Catador recolhe 40 kg de papelão para poder comprar 5 kg de arroz
Crise do desemprego fez aumentar o número de pessoas que vivem da venda de recicláveis. Maior concorrência fez preço do material cair
São Paulo|Cleisla Garcia, da Record TV
Com o peso do corpo, Genaldo Saraiva, de 32 anos, levanta do chão a carroça lotada de papelão, ferro e lata. Não é o que se vê pelas ruas de São Paulo nos últimos meses. Os carroceiros estão trafegando por ruas e avenidas com uma carga mais leve. E isso, apesar de mais fácil, não tem sido motivo de comemoração.
Com o aumento do desemprego na pandemia, o setor de reciclagem acabou ganhando novos adeptos, e a concorrência na caça às latinhas e caixas de papelão aumentou.
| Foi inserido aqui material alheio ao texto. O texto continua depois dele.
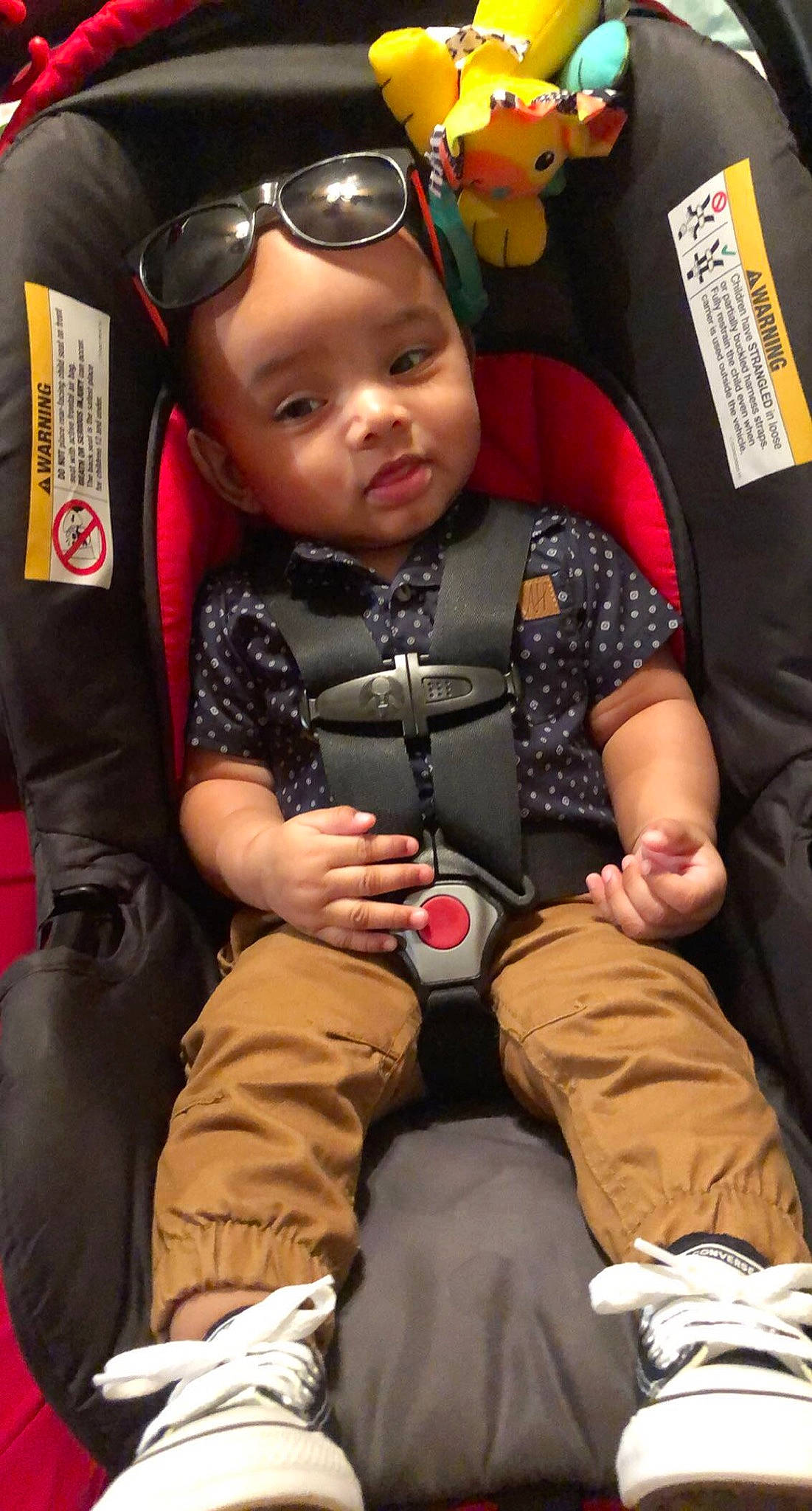 Darius is registered to the contest to win money with this photo: baby, baby_toddler_clothing, cheek, child, comfort, event, fashion, fun, goggles, happy, headwear, human, lap, outerwear, people, person, personal_protective_equipment, sitting, skin, sneakers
Latinhas, papelão, ferro e PET ficaram mais difíceis de serem encontrados. Há mais oferta, e o preço despencou. O quilo de papelão, por exemplo, caiu de R$ 1,40 para R$ 0,60, e o de ferro, de R$ 1,35 para R$ 0,70.
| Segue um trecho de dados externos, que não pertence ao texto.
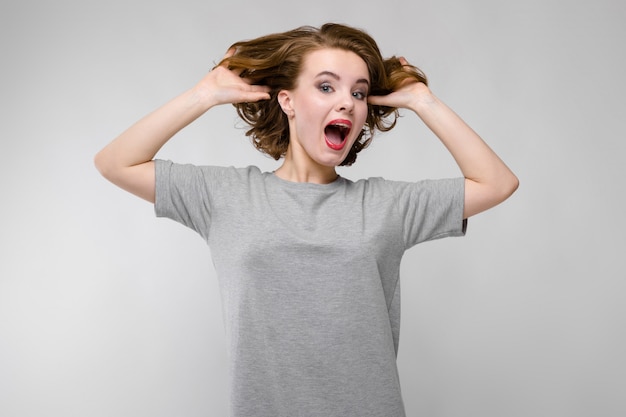 Charming young woman in a gray T-shirt. The woman holds her hands behind her head and screams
A queda na cotação dos reciclados contrasta com os preços das gôndolas dos supermercados, que subiram impulsionados pela inflação. Para comprarem hoje um pacote de 5 kg de arroz, por exemplo, Genaldo e outros catadores terão que tirar das ruas ou dos pontos de coleta pelo menos 40 kg de papelão. Não vale mais quanto pesa. E a conta não fecha.
Para conseguir encher a carroça, Genaldo estocou material em casa durante uma semana. Só então, com a carroça pesada, seguiu para a cooperativa onde vende tudo. Genaldo não lamenta a concorrência. Sabe que os tempos difíceis obrigaram muitos pais de família e até aposentados a sair à caça das latinhas, cada vez mais disputadas.
"Eu fico com pena. Sei que não é trabalho pra eles. Nem sabem fazer direito. Tem uns que lotam a carroça de caixa de papelão inteira, aí eu explico, tem que abrir que cabe mais. Senão é puro volume. A rua é de todo mundo, tem espaço pra todo mundo. A gente tem que ajudar", reconhece o catador experiente.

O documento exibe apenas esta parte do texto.